Step 2: Make the fitting requirements relevant as well, where cap cynos can only be generated by caps and subcaps by subcaps. Set the DST as a standard capital lighter TBH. Give DSTs the ability to light capital cynos(Pg/cpu reduction requirement), give combat recons/t3 cov subsystem a bonus to mass for cov ops cynos from fuel requirements(Give them an actual role that’s healthy) so a buzzard can’t drop 30 blops, and make subcap cynos into 3 groups themselves(small, medium, large) how much fuel you load should allow how many ships can fit through it, note: bridges are the only way to get to these.

Step 3: Make the capital cyno pricey, like 200-500mil. Pretty straightforward, you want to project caps, gotta have a bigger risk!

Step 4: Add fuel requirements, simply put, since you should only allow so much through for a size, you can only do it once in certain ships. For example a frigate fits a med cyno and loads 2000 ozone, it can’t hold 2000 ozone in its hold, therefore it can’t reload and can’t light another. This forces people to make fitting choices.
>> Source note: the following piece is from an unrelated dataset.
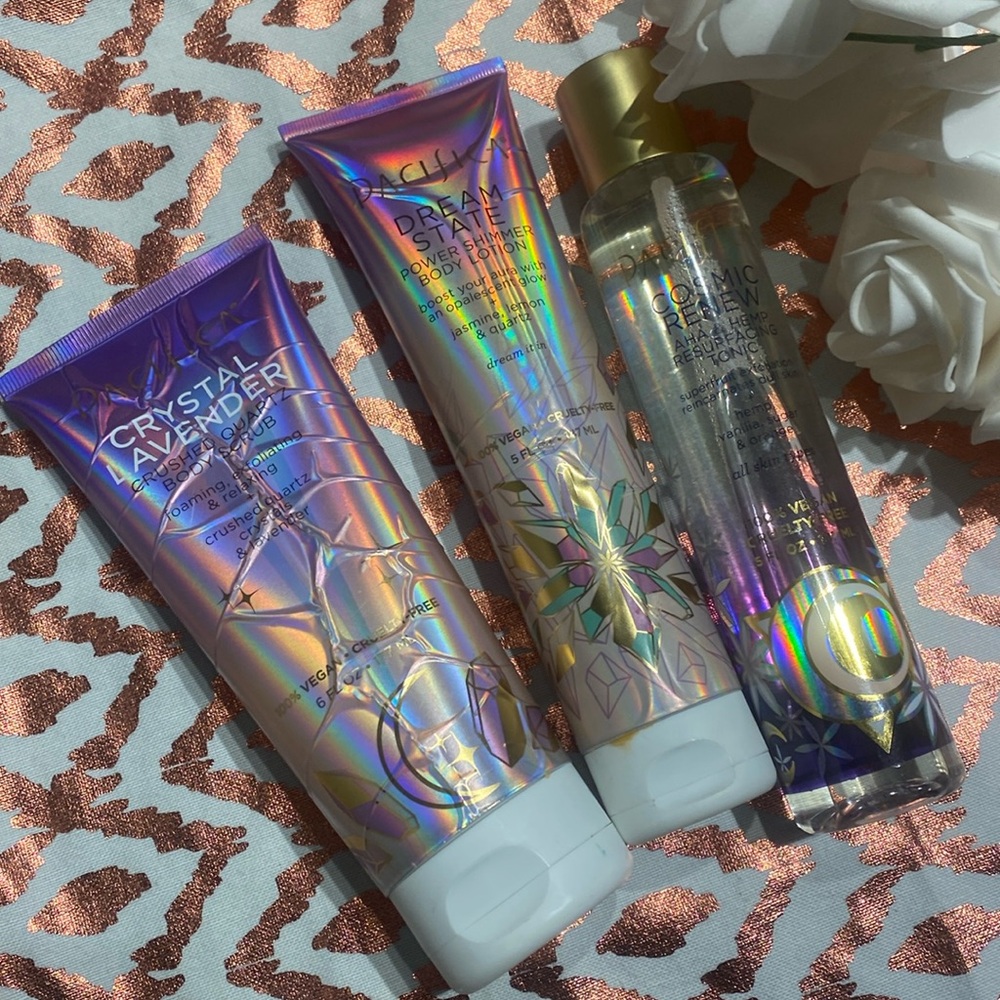 Pacifica body care bundle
Step 5: Add a skill to go along with it, maybe Jump Drive Op? Between this and the actual skills to drive the ships to light them with it makes the cyno mechanic someone has to actually train for, just like everything else in eve. It blows my mind a 200k sp character can project 50+ titans.

Step 6: Add a cyno distance limitation or timer, ie: can’t light another cyno within 10-25km from a previously lit cyno for 1 minute or even better, give a ship a 1-2 minute timer before they’re able to light another cyno after taking one (Like a wormhole polarization timer). This stops a block from dropping 50 mastodons and lighting 50 more cynos to drop those 50 titans immediately after. If they want to risk 50 dst’s fit with 500m cynos to drop 50 titan’s they should realllllyyyy want to commit to that. So make them. Force them to put the risk on the field.
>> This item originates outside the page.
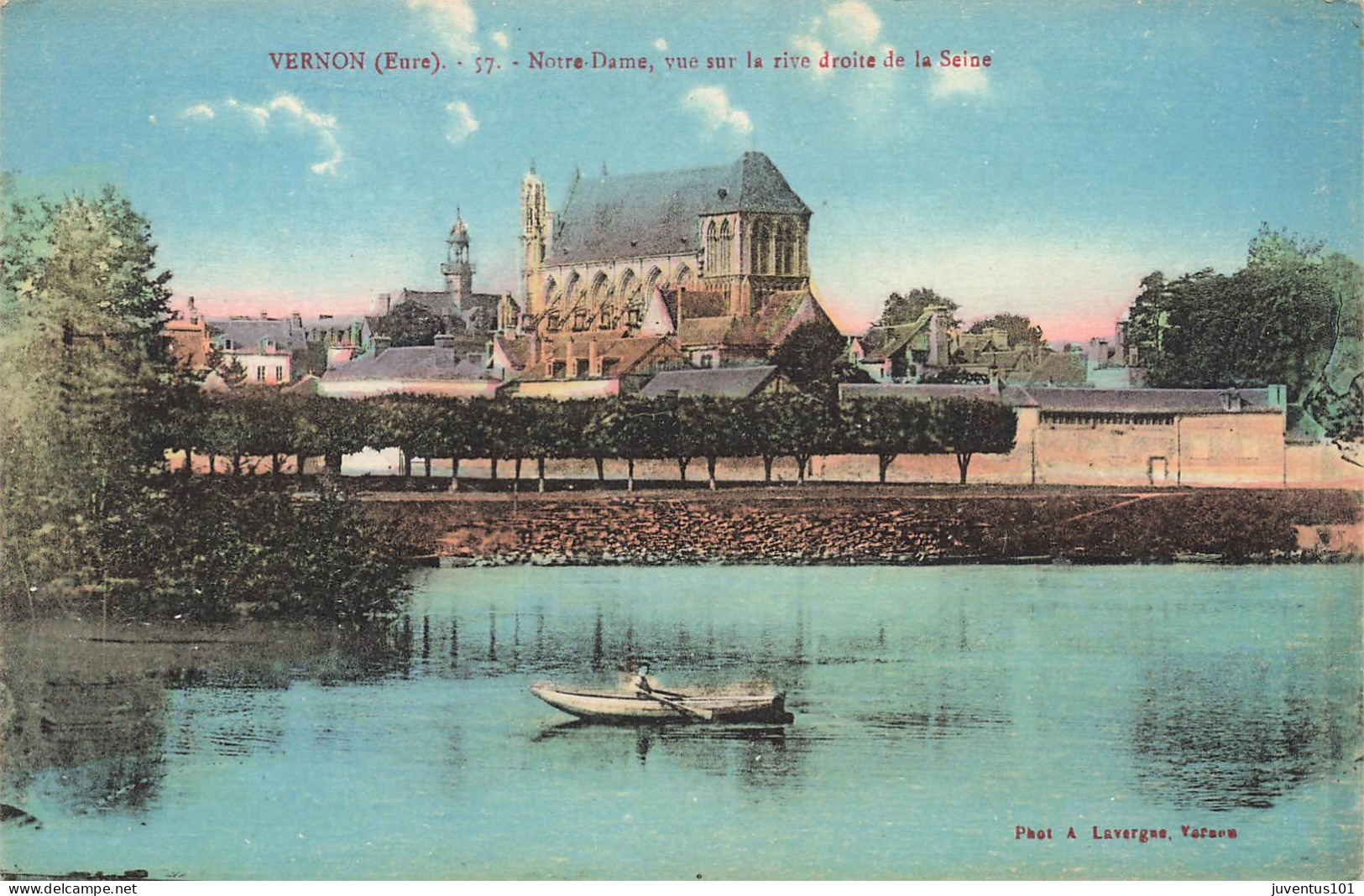 CPA Vernon-Notre Dame Vue Sur La Rive Droite De La Seine-57      L2927 - Vernon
In conclusion: This is just a thought to make this mechanic a bit healthier and a bit more balanced. But let’s see what everyone else has to say.

Some Scenarios:
In carrier: Oh ■■■■ cyno ceptor is enroute, wat do fc? as a carrier a) Kill the ceptor, b) Kill the 10-15 BC’s it can only bring through. As the ceptor, bring a sabre with you to tackle the thing and bring a few more ceptors to light some more small cynos. Also, make the reqs so much so that say an interdictor has to choose between a bubble launcher and cyno, and not both. This changes the mechanic where you as a capital are a little bit harder to catch by 1 individual.

Cloaky Tengu hunter for blops fleet: Nothing changes, i’m gucci as always due to my new bonus, and tbh this is what balanced dropping looks like(just could use a bit less mass able to roll through the blops bridge, can be fixed with new fuel reqs for cyno ship).

Battle escalation: Drop some DST’s on grid, or a group of battleships that can wait out the DPS of an enemy fleet to bring in more ships. The point here is escalation should be in steps, not one cyno and boom 50 titans and 200 supercarriers. It should be like 100 v 100 => Subcap cyno lit, now its 100 v 150 (No caps) => Capital cyno lit by some dropped DST’s with you after 1 minute, now 100 v 150 w/ 1-2 titans on grid or 2-4 supers.(Or another 300 feroxes) => more cap cynos(Caps lighting cap cynos w/ bonuses) after 1 minute and now 100 v 350 with 40+ Supers on grid now).

Would love to hear more what ifs, I think there is a way where this can work where this won’t hurt small corp power projection or logistics chains while deterring larger corps and alliances to projecting their power on a whim, but still allowing them to do so when needed. Let me know what you think, i’m eager to hear your response.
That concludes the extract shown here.